Lonewolfm16 said:
snowfi6916 said:
Lonewolfm16 said:
snowfi6916 said:
I usually enjoy Yahtzee's videos, but his joke about transgender people really fucking bothered me.
Why? Because my girlfriend is trans.
I've told her how much I love her on many occasions. I had to have an honest heart-to-heart with myself, because I want to have sex with her and make her happy, but it will be a while before she can have her surgery (she wants everything, the HRT therapy and the SRS surgery).
So yeah, I decided that right now, her penis is part of who she is, and I want to make her happy. So yes, I would be willing to do that for her.
Obviously, I would prefer vaginal sex (I mean hell, she told me she not only wants a vagina for herself, but because she wants to "ride me so fucking badly", which made me blush). But it's funny... I don't like dudes. I like women. And even though my girlfriend wasn't born one, I see her as one, because she acts like one and sees herself as one.
So, I look at it like I'm sucking my girlfriend's penis. =)
Now, none of this has happened yet, because we are also long distance, so we have only talked over the Internet. But holy hell, every time I talk to her I get that warm tingly love feeling. Not just sexually aroused... it's more than that.
So yeah, I know this is the Escapist, and I know people will come out and call me gay for wanting to make my girlfriend happy because I love her. Don't care. I just wanted to say why Yahtzee's joke upset me.
Its not really a insult. More a observation. Sexual orientation is determined by attraction to certain genders. Heterosexual/straight=attraction to the opposite gender, homosexual/gay=attraction to the same gender, bisexual=attracted to both genders, pansexual means pretty much the same thing, but is more inclusive. If you are sexually attracted to a penis and male then you are gay/bi. Not a insult, not a judgement, simply how it is. I do question something though, would you be willing to date someone physically male, who also identified as male? If not, do you consider gender to be something more than physical, and are only attracted to people with a "female" personality or mannerism? Isn't that a little arbitrary?

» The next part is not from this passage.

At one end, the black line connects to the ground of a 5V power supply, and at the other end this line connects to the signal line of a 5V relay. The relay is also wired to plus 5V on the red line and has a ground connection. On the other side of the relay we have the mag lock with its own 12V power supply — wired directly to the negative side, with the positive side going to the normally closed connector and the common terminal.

Gender isn't physical. Sex is. When you refer to someones sex, you are referring to their physical parts. When you are referring to gender, you are referring to the non-physical.

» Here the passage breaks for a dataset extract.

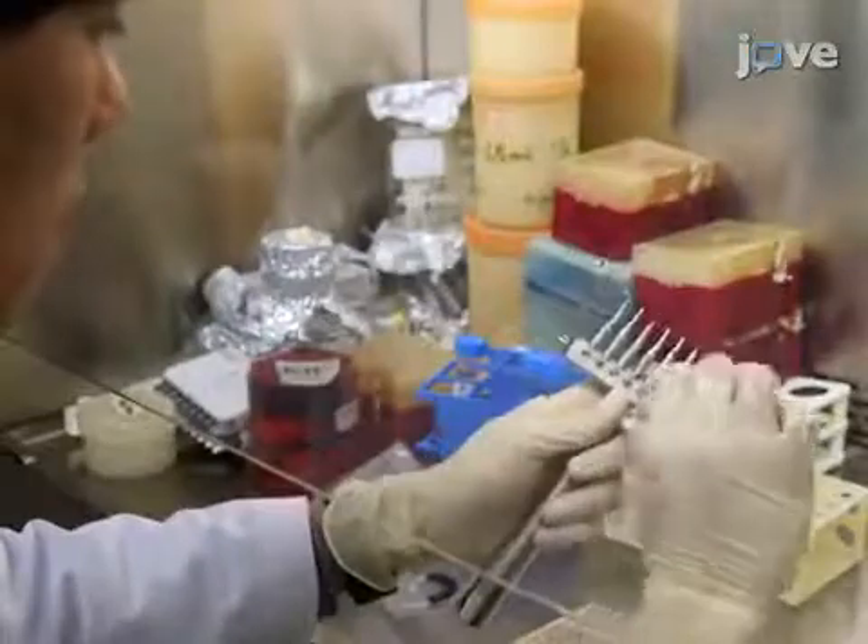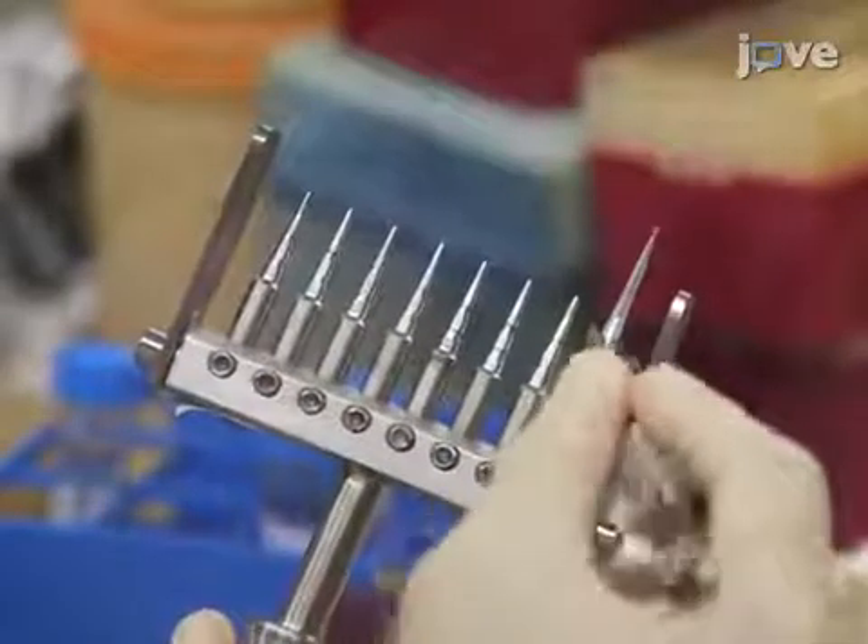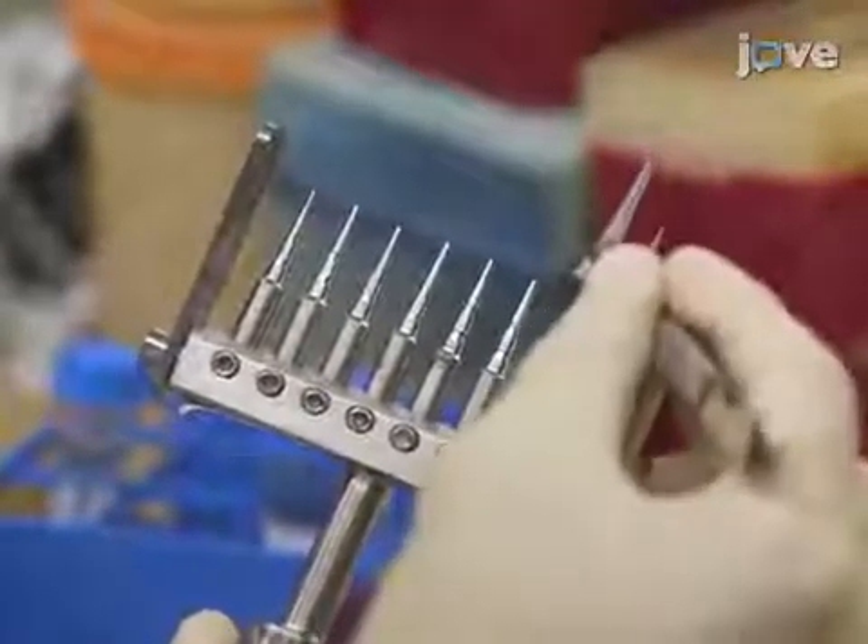To begin the experiment, prepare the pin holder by fixing the wounding pins at equal distances. Hold the pipette tips and move the adjustable wounding pins up and down to adjust the tip height.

Cisgendered means you see yourself as the gender you were born as. Transgender means you see yourself as the opposite gender.
Like I said, I'm not attracted to cis-males. I know this because one of my friends who I met at Bronycon is really handsome, but I wasn't attracted to him because he is strongly cis. And no, I don't think it's arbitrary.

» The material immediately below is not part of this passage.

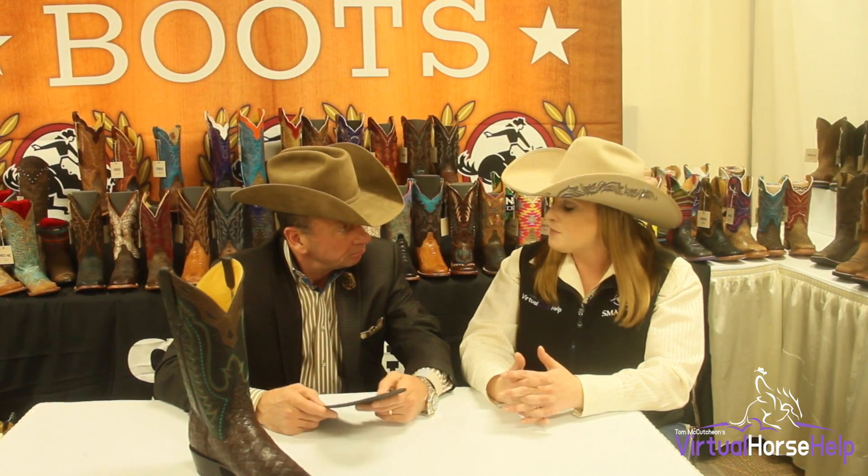I'm here with Bobby Smith, president of Rod Patrick Boot Makers. We are here at the Dallas World Trade Center where Bobby is going to tell us about their new Rod Patrick boot sole.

Let me ask you, once my girlfriend gets her vagina, would that make me less gay in your eyes?
Who you are attracted to is based on gender, not sex. Therefore, I am attracted to the female gender, regardless of what physical parts they have. It's just that most of the time the person's gender matches their sex. In my case it doesn't.
Look, I honestly love her more than anything in the world. I know that she will never be able to have a uterus or ovaries even after her surgery, and we won't be able to have children together unless we adopt. But that's okay. As long as I'm with her.
Like I said, think what you want. =)
So, are you not attracted to people until you hear what they identify as? If you see someone naked, you have so sexual stimulation until you have heard whether the person likes being called he or she? If I was to show you a picture of a naked woman (or someone physically female, to be clear) and then asked you if you found the picture sexually arousing, then revealed that the person in the picture actually considered themselves male, would you stop being attractive? If it was later revealed that I lied about that, and she was actually cis, would you start finding her attractive again? What if someone identified as female, despite being physically male, and then later decided they were actually wrong about it and were actually male? It has happened before. If your girlfriend announced tomorrow that she was wrong about her gender, and was actually male, would you stop being attracted to her? This all seems really really arbitrary to me. If someone asks you if you are interested in sex with them, and your answer is "that depends, do you think of yourself as being male or female?" then your sexuality is really really bizarre to me. This is why I think orientation should be determined by biological sex, not gender. Gender is intangible, sex is very real and determinable, and I think this fits better with how sexuality works. Sexual arousal is largely physical, more concerned with certain signs of attractiveness that trigger arousal.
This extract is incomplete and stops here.